## What you will do:
When writing out the listing below, reproduce every word exactly and skip the pictures.

## Available data:

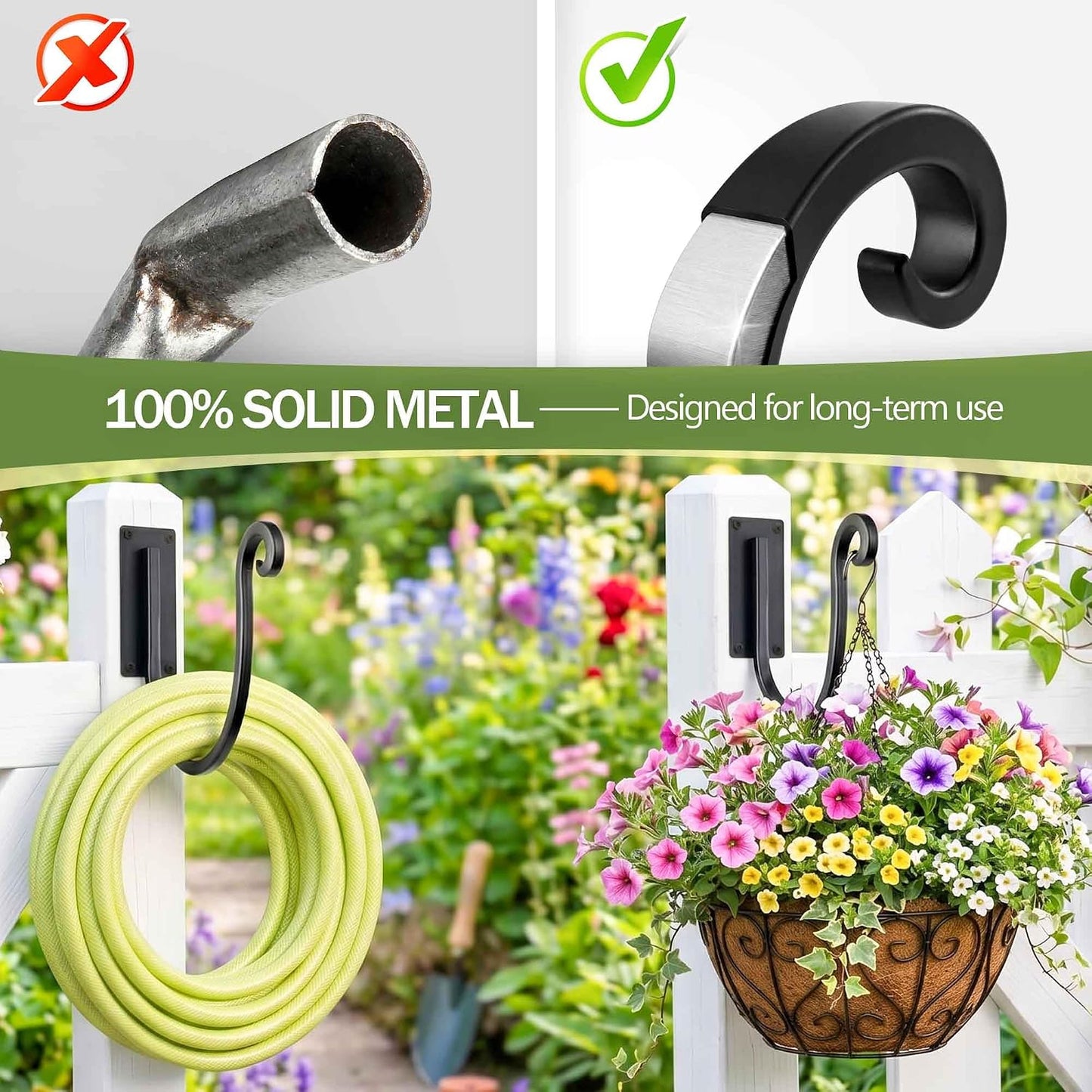 Garden Hose Holder Outside: Wall Mount Water Hose Holder - 8Inch Heavy Duty Garden Water Hose Hanger for Outside Hose Storage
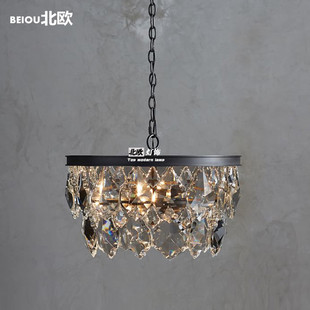 美式 复古水晶吊灯客厅卧室玄关简约轻奢女孩房间衣帽间样板房吊灯
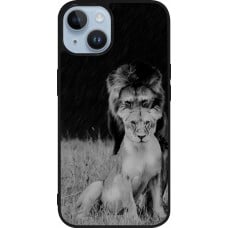 Coque iPhone 15 - Silicone rigide noir Angry lions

## Output for this exercise:
 Garden Hose Holder Outside: Wall Mount Water Hose Holder - 8Inch Heavy Duty Garden Water Hose Hanger for Outside Hose Storage
 美式 复古水晶吊灯客厅卧室玄关简约轻奢女孩房间衣帽间样板房吊灯
 Coque iPhone 15 - Silicone rigide noir Angry lions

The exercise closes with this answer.